72歳の老人とメナシ犬による創世記 閻連科「年月日」
2017年 01月 12日
(「年月日」「父を想う」「日光流年」などを読んでもらえれば)作家の(「愉楽」「人民に奉仕する」「丁庄の夢」などの作品で作り上げられた)獰猛で凶悪な顔が緩んでいって、もう一つの表情があること、そして創作の求めているものー温もり、悠遠、詩情ーが遠い別のところにあることに気づいていただけるのではないかと、書いている。
俺は「愉楽」の読後感に、「詩情も、感涙も、笑いも、怒りもたっぷり」と書いていて、獰猛で凶悪な作家だとはつゆとも思わなかった。

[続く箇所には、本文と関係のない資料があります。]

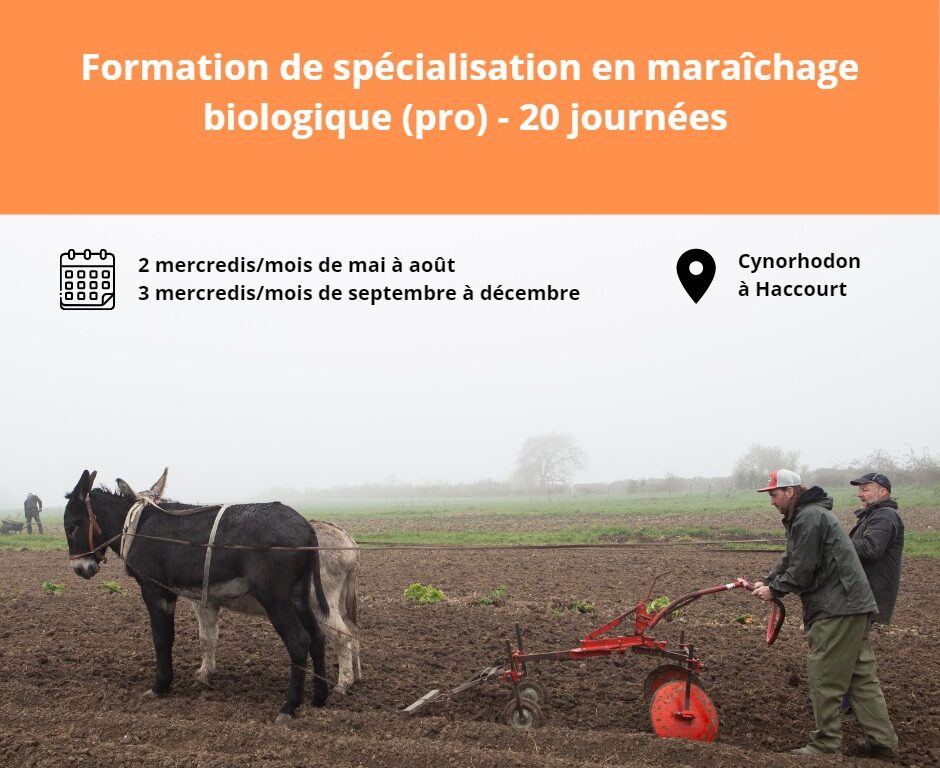 Formation en maraîchage biologique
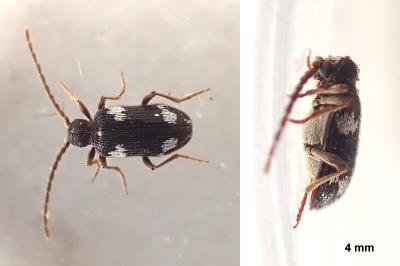 <i>Ptinus sexpunctatus</i>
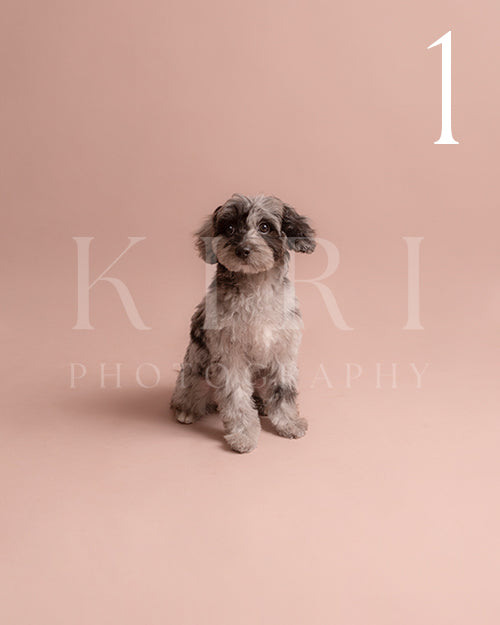 Patches's Kiri Pawtrait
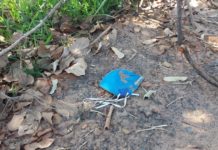 Reclamação a População: Lixo e entulho incomoda moradores do bairro Frei Moacir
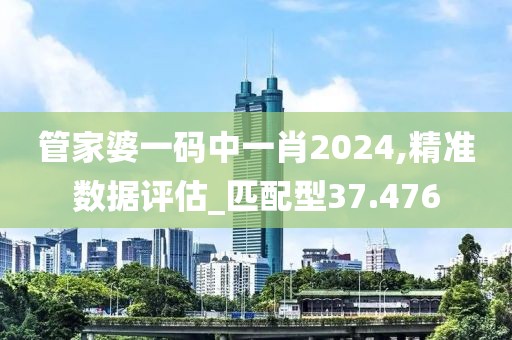 管家婆一码中一肖2024,精准数据评估_匹配型37.476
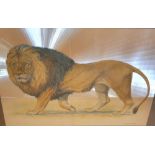 William Finch 1970s modern etched Lion before silvered rayed back-ground, signed, framed, The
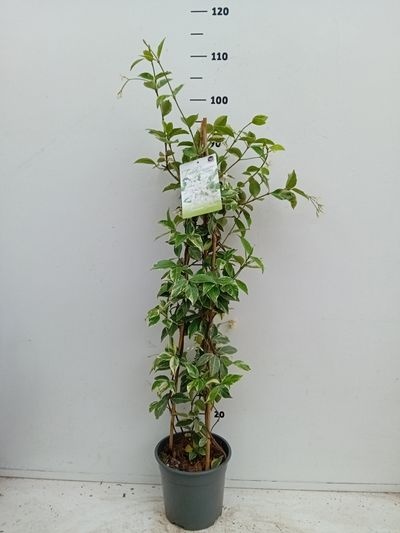 Trachelospermum jasminoides Variegata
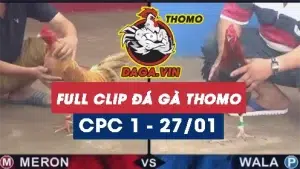 Full Video phát lại Trực tiếp đá gà Thomo ngày 27/1/2024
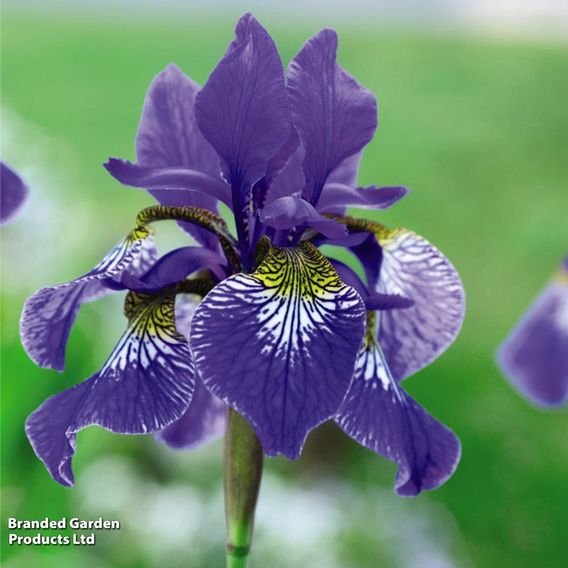 Iris sibirica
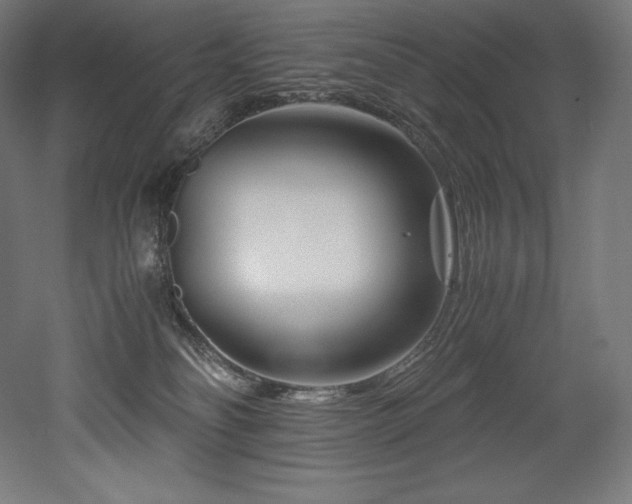 X0000052650134200507011422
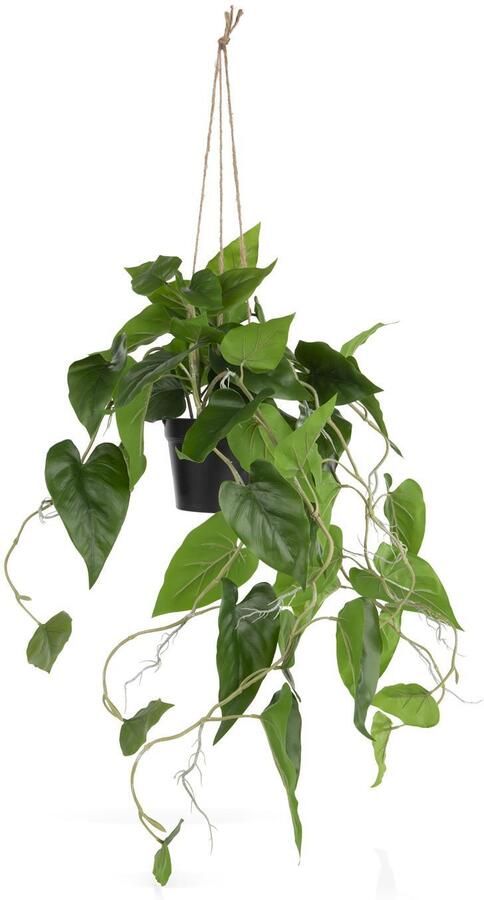 COCO maison Philodendron in pot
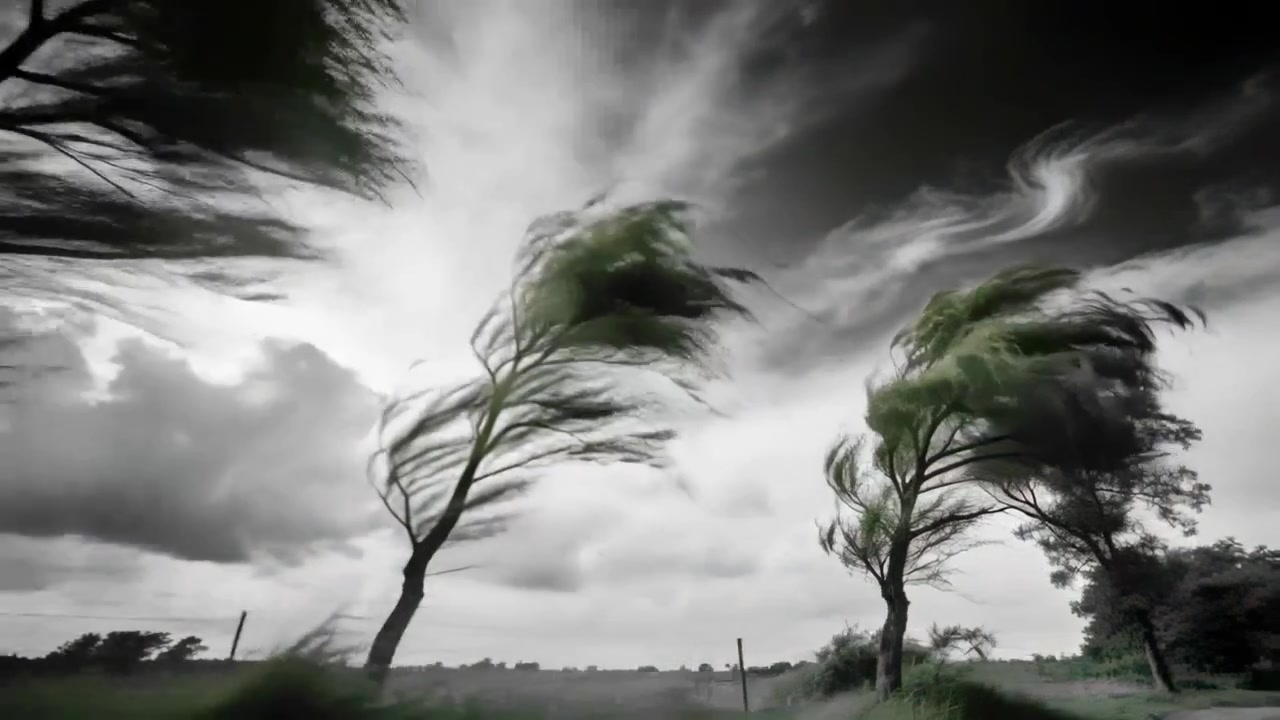 Tres árboles esbeltos doblándose e inclinándose a la derecha a través de un prado rural, el viento aumentando, los postes de la valla temblando.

皆さんがこれらの作品を読み終えたとき、ゆっくりと本を閉じ、小さな声で「へえ、こんな小説も書く人だったんだ。こんな小説を書くことができたんだ!」と感嘆のため息を漏らしてくださることを願っています。たった一人でも、ほんの数人の読者のため息でも、私にとってはそれが最高で最大の褒賞です。と書いていることについては、声こそ出さなかったけれど、それまでずっと俺の膝の上で長くなっていたサンチの耳の下を撫でながら、ほっとため息を漏らした。
72歳の先じいは雨乞いの儀式で眼が見えなくなった犬のメナシと、一本だけ残ったトウモロコシの苗を守るために残るのだ。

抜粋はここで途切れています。